Scott and Jill Kelley write today about their experience as collateral damage in a big national scandal with e-mails that got leaked to the press and resulted in intense news media attention. It’s the humanizing phase of the scandal, in which we are reminded that people were hurt.
Which just ruins a good scandal. Washington loves doing that. There’s nothing Washington likes more than sinking its teeth into a scandal and squeezing all the fun and verve and SCANDAL from it until it becomes that wan, pale thing, the sanitized tell-all book deal. In this case we go even further, turning vile salacious gossip into a solemn urge that Congress reflect deeply on some legislation and policy proposals.
But that’s what Washington’s doing in the bunker today, folks. Clamoring for more serious discussion and fewer socialites/shirtless guys:
Whatever you think of this scandal and its principals, please don’t let that distract you from the importance of passing the Electronic Privacy Act. That she “put her own correspondence” on display doesn’t change the fact that you, me and every other citizen currently … [lack] adequate legal protection against the government spying on our electronic communications.
Compared to the contentions that the government is, in effect, reading our mail, the shenanigans of some hooligans of the press on the front lawn of a status-seeking socialite seems like a mere annoyance.

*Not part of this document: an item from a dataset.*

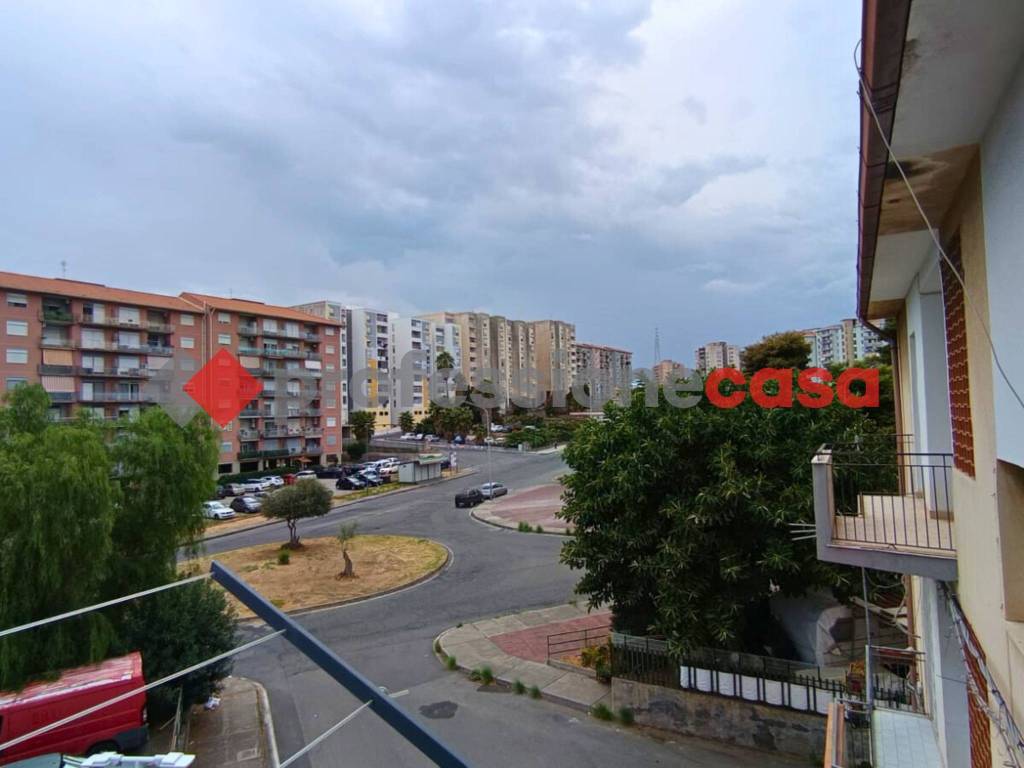 appartamento in vendita a Catania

Some want to LEARN LESSONS from this scandal and resolve to behave in a more careful manner!
This teaches us several things: 1. Solve your own problems; don’t go to the authorities unless you have no other option. 2. Never write (or type) anything that you couldn’t show to your grandchildren, your priest/pastor/rabbi/imam, your wife, or a federal agent. 3. It never fails that an anecdote will distract from larger principles. The ECPA is absolutely vital and will protect everyone, but there are people who are against it because it’s been [supported] by “rich socialites.”
And — aw, man — lecture on the long-lost responsibilities of the media!
What exactly did this family actually do to deserve to have their privacy invaded? What makes people think that the people in the press have the facts correct? Innuendo and rumor has ruined far more people than truth and reality have.
While we’re at it, we might as well drain all the fun from the entire Internet. At least where “fun” is defined as “something you don’t want to explain to your kid’s friends.”
If you don’t want something public, don’t use a computer for personal conversations. If you value your privacy, don’t invite a myriad of well known persons to large public affairs, such as fundraisers, or parties. Assume that if you fail to abide by these two axioms, sooner or later, your activities will become public.
Wow. Okay, everyone out of the bunker, PostScript has some major deleting and disinviting to do.